ACTIVITY:
Character for character, transcribe the entries below, minus the images.

── EXERCISE DATA

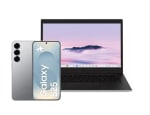 Smartphone SAMSUNG Pack Galaxy S25 256Go + Chromebook à 899€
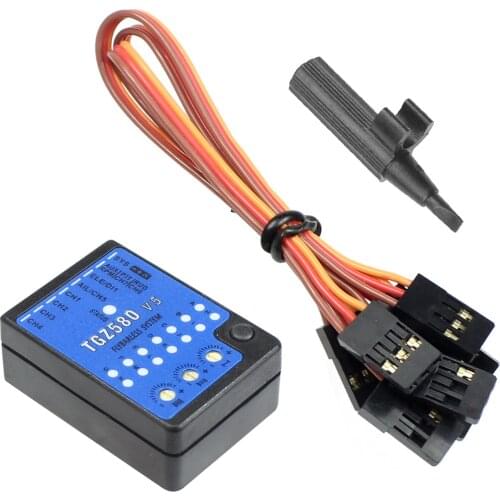 Feichao TGZ580 3-Axle Gyro Flybarless Altitude Control Smart Flight System For MB PLUS PRO 4.20 ALIGN T-REX 250 450 600 700 800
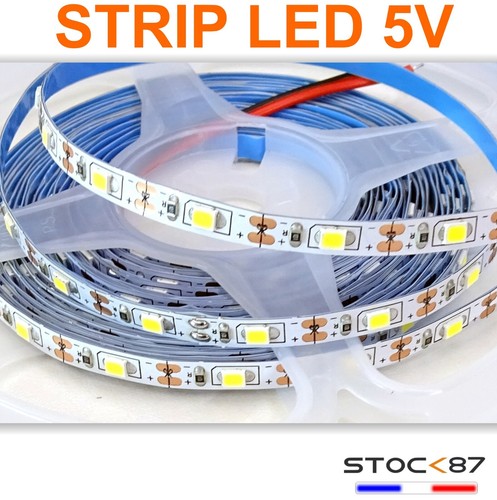 Strip led 5v - 5m,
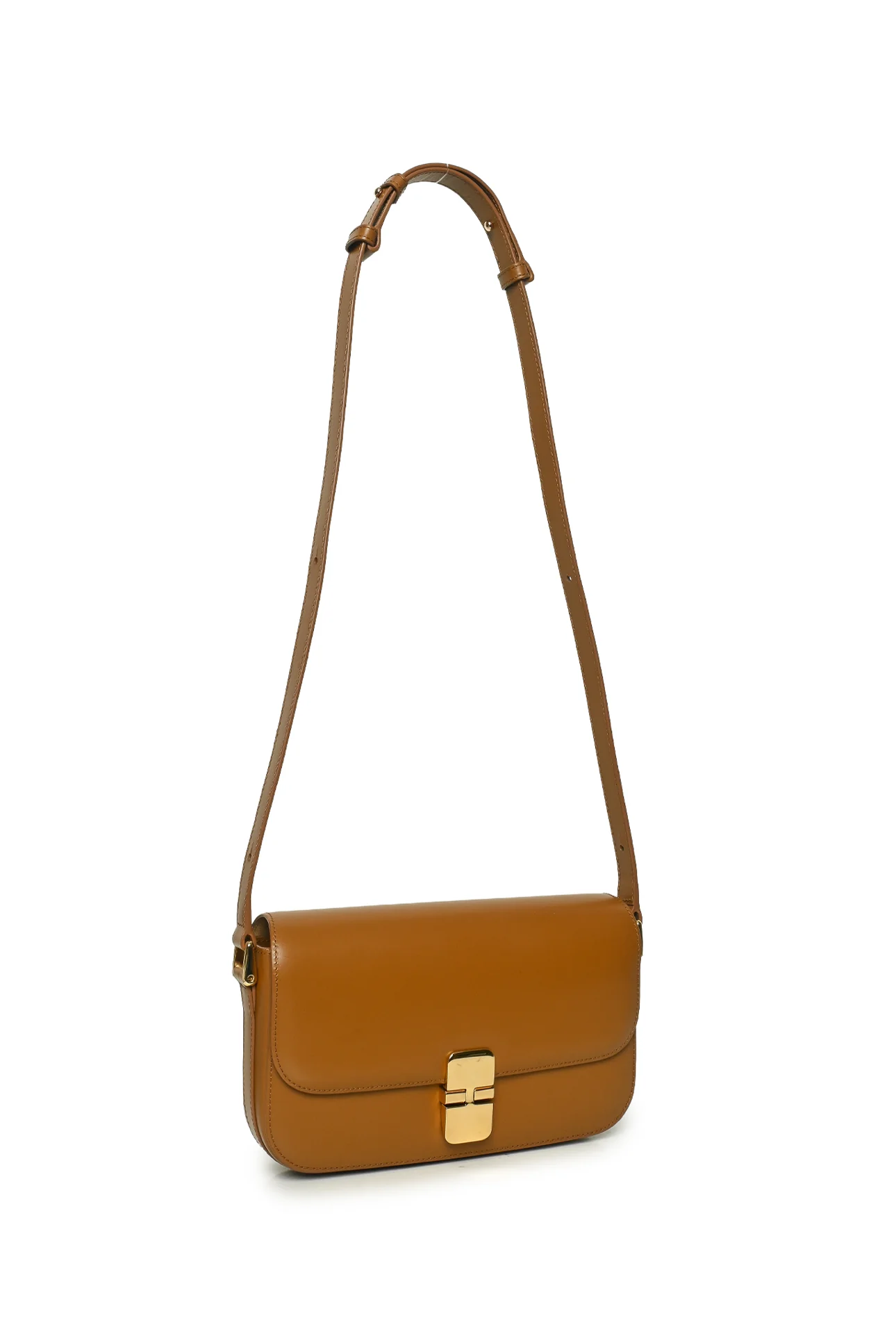 APC Grace Baguette Shoulder Bag - Image 5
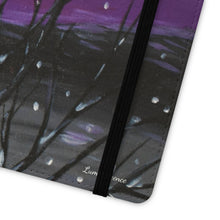 Load image into Gallery viewer, Luminescence - PHONE CASE WALLET - by Kerry Sandhu Art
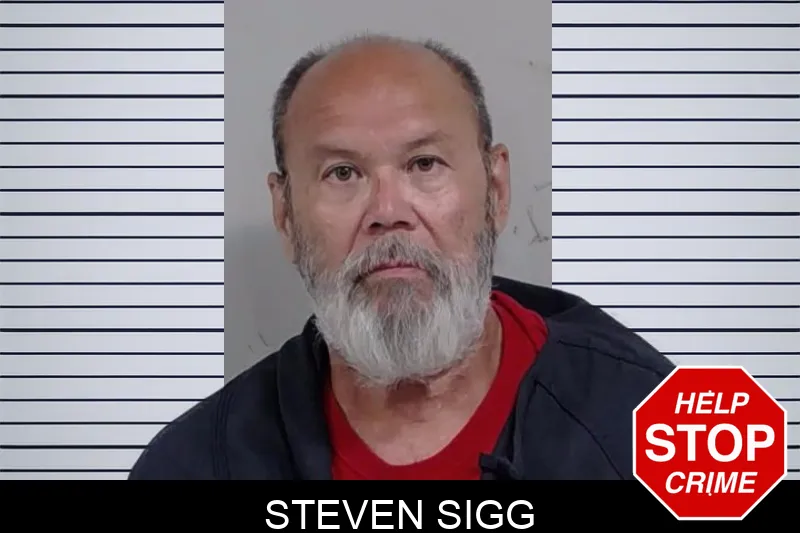 Steven Sigg mugshot – Lowndes County , Georgia Steven Sigg mugshot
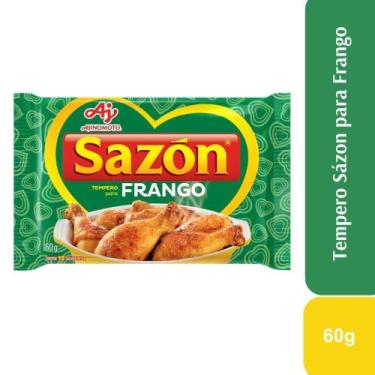 Imagem de Tempero em pó sazón sabor frango 60g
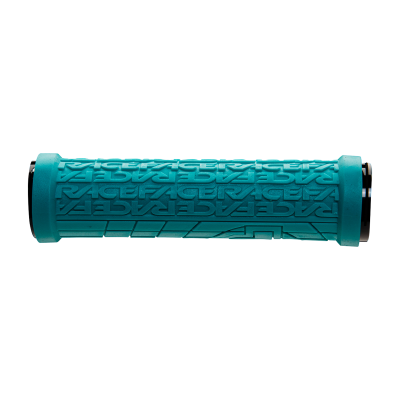 Race Face Grippler Grip Lock-On 30mm one size turquoise Produktbild 2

────

SOLVED PROBLEM:
 Smartphone SAMSUNG Pack Galaxy S25 256Go + Chromebook à 899€
 Feichao TGZ580 3-Axle Gyro Flybarless Altitude Control Smart Flight System For MB PLUS PRO 4.20 ALIGN T-REX 250 450 600 700 800
 Strip led 5v - 5m,
 APC Grace Baguette Shoulder Bag - Image 5
 Load image into Gallery viewer, Luminescence - PHONE CASE WALLET - by Kerry Sandhu Art
 Steven Sigg mugshot – Lowndes County , Georgia Steven Sigg mugshot
 Imagem de Tempero em pó sazón sabor frango 60g
 Race Face Grippler Grip Lock-On 30mm one size turquoise Produktbild 2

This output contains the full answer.